Cultures Description

The culture of Africa encompasses and includes all cultures within a continent of Africa. There is a political or racial split between North Africa and Sub-Saharan Africa, which is In turn divided into a great number of ethnic cultures.[1][page needed] [2][3][4] African cultures are diverse and varied and not static, and like most of the world have been impacted upon by both internal and external forces.

Historical overview
Africa’s cultural regeneration has also been an integral aspect of post-independence nation-building on the continent, with a recognition of the need to harness the cultural resources of Africa to enrich the process of education, requiring the creation of an enabling environment in a number of ways.

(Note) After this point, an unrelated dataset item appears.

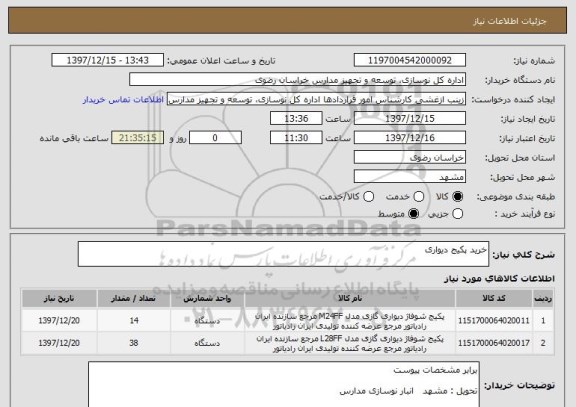 استعلام خرید پکیج دیواری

In recent times, the call for a much greater emphasis on the cultural dimension in all aspects of development has become increasingly vocal.[6] During colonialism in Africa, Europeans possessed attitudes of superiority and a sense of mission. The French were able to accept an African as French if that person gave up their African culture and adopted French ways. Knowledge of the Portuguese language and culture and abandonment of traditional African ways defined one as civilized.[7] Kenyan social commentator Mwiti Mugambi pragmatically argues that the future of Africa can only be forged from accepting and mending the sociocultural present. For Mugambi, colonial cultural hangovers, pervasive Western cultural inundation, and aid-giving arm-twisting donors are, he argues, here to stay and no amount of looking into Africa’s past will make them go away. However, Maulana Karenga states:

African arts and crafts
Africa has a rich tradition of arts and crafts. African arts and crafts find expression in a variety of woodcarvings, brass and leather art works. African arts and crafts also include sculpture, paintings, pottery, ceremonial and religious headgear and dress. Maulana Karenga states that in African art, the object was not as important as the soul force behind the creation of the object. He also states that All art must be revolutionary and in being revolutionary it must be collective, committing, and functional, this is echoed by Shahadah who states “in Africa all art is socially functional.”[5][8]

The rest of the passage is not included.